JOLIET – Anthony “Butch” Tadey “was a very unusual character.”
Ray Strle, Butch’s friend of 60-plus years, who described him thus, said Butch had an extensive knowledge of history (especially World War II), an inexhaustible capacity for great ideas and a natural leadership style.
“He would just invent these things and say, ‘This is what we’re going to do,’” Ray said. “He always had interesting ideas, so [we] went along with it.”
One great Butch idea was the Frank Gasperich tribute football game.
From childhood through their 50s, Butch, Ray and their friends liked getting together on weekend afternoons to play baseball or football. Often these games occurred at Garnsey Park because many of them grew up in the area.
One friend, Frank Gasperich, was killed in Vietnam. Frank especially loved football. So Butch decided the last game of the season would be dedicated to Frank, with loved ones in attendance, Ray said.
Frank is buried at St. Joe’s cemetery near Garnsey Park, so at halftime, the players would head over there.
“We’d stand around Frank’s grave and sing the national anthem,” Ray said.
Butch had a knack for bringing people of different backgrounds together and loved hosting barbecues for that purpose, Angela Wilkerson of Orland Hills, Butch’s daughter, said.
“One couple met through my dad and got married,” Angela said.
Butch loved reading and was knowledgeable about many topics, including politics, Angela said. In addition to World War II, Butch loved gangster history, sports history and local history.

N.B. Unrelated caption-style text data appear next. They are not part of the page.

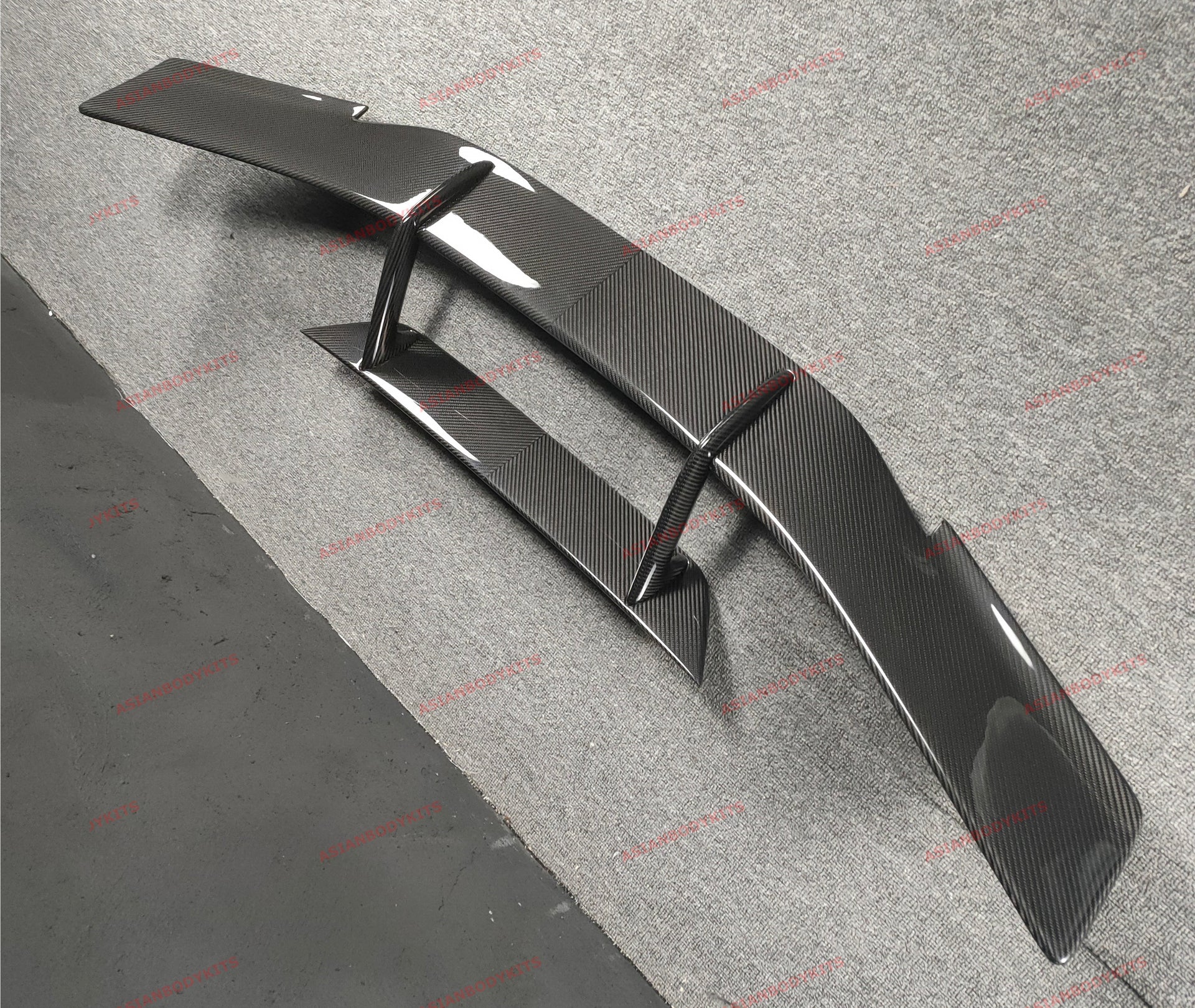 DRY CARBON FIBER REAR SPOILER WING for LAMBORGHINI HURACAN EVO COUPE SPYDER 19+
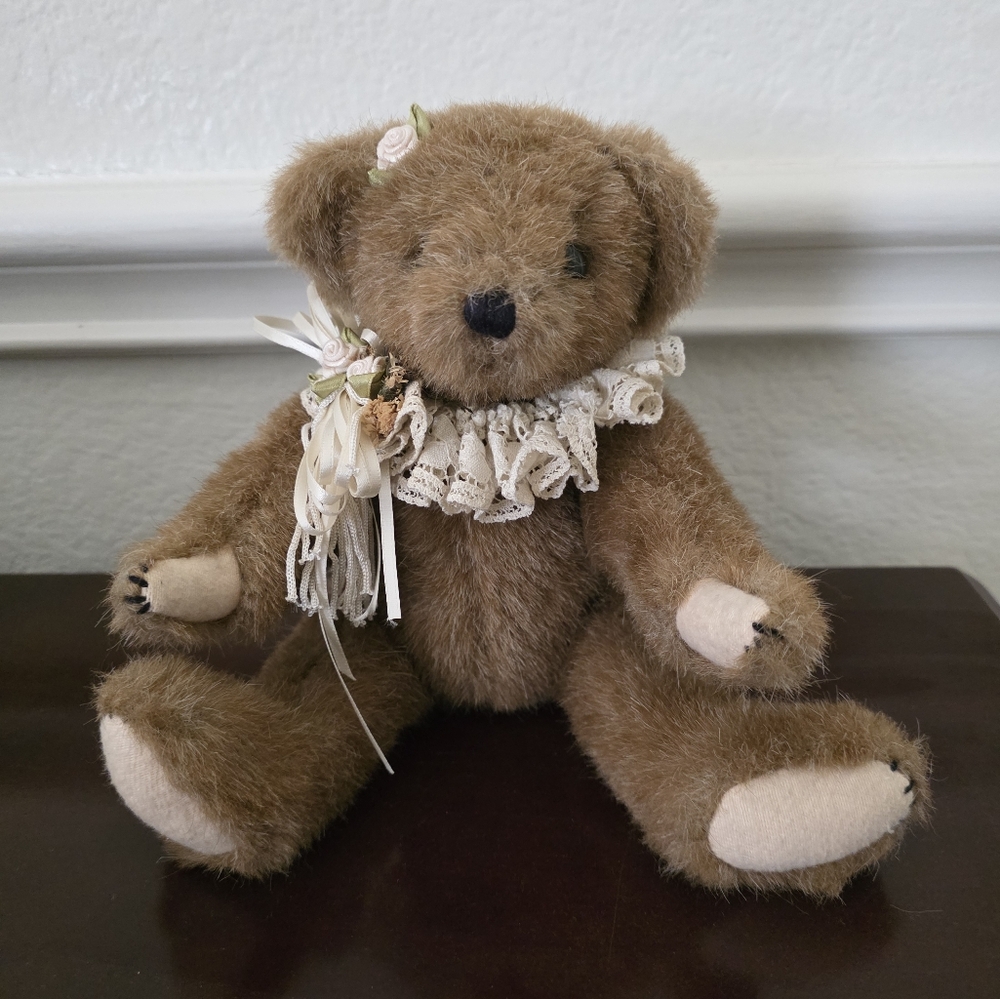 Boyds Bear with Lace Collar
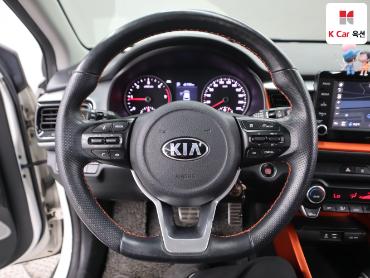 2018 - kia stonic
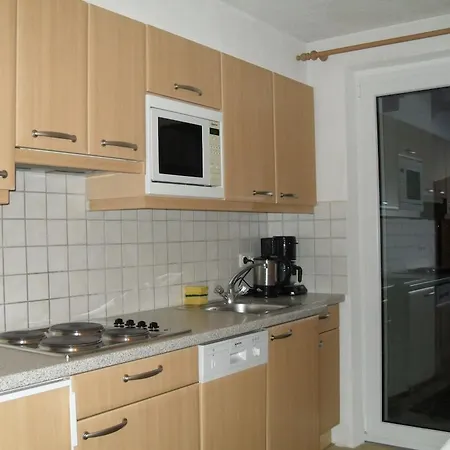Haus Schellenschmied Apartment Pettneu am Arlberg Room photo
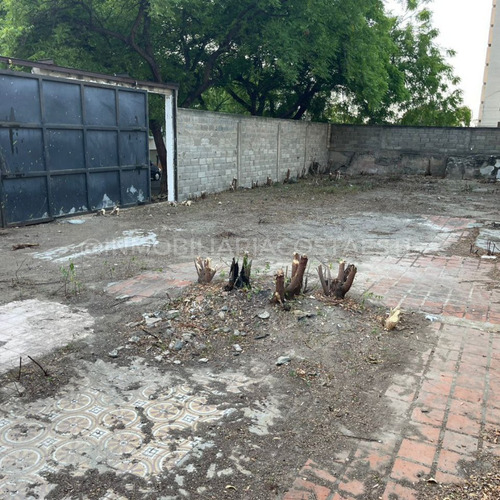 Venta De Terreno En Macuto Ref 2265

Angela said she met many famous sports figures at the sports conventions she attended with her father. At age 6, Angela met Pete Rose, actually sat on his lap and received a compliment from him, she said.
“I knew he was important because of the Nestle Crunch commercial,” Angela said. “He looked at me and said, ‘You look like the Nestle Crunch girl.’ ”
Angela had many history adventures with her father, often in cemeteries. Butch loved exploring them and finding notable people, especially Civil War soldiers, and sharing tidbits of their lives with her.
Butch liked Mount Carmel cemetery in Hillside because Al Capone and Sam Giancana are buried there. But father and daughter also wandered through Queen of Heaven Cemetery across the street.
That’s how Angela learned about one of the worst fires in U.S. history, the school fire at Our Lady of the Angels Catholic School in 1958. Three nuns and 92 students died in that fire.
“It was not up to fire code, so a lot of people passed away,” Angela said. “It was pretty bad.”
Angela said she discovered the “nooks and crannies” of Illinois, Indiana, Michigan and Wisconsin from all the mini-trips she took with her father.
“He’d say, ‘Let’s go take a ride somewhere and find something,’” Angela said.
Butch planned similar trips with his friends, she said.
“He was a great organizer,” Angela said. “They’d have these camping trips in the woods. He loved to get back to nature.”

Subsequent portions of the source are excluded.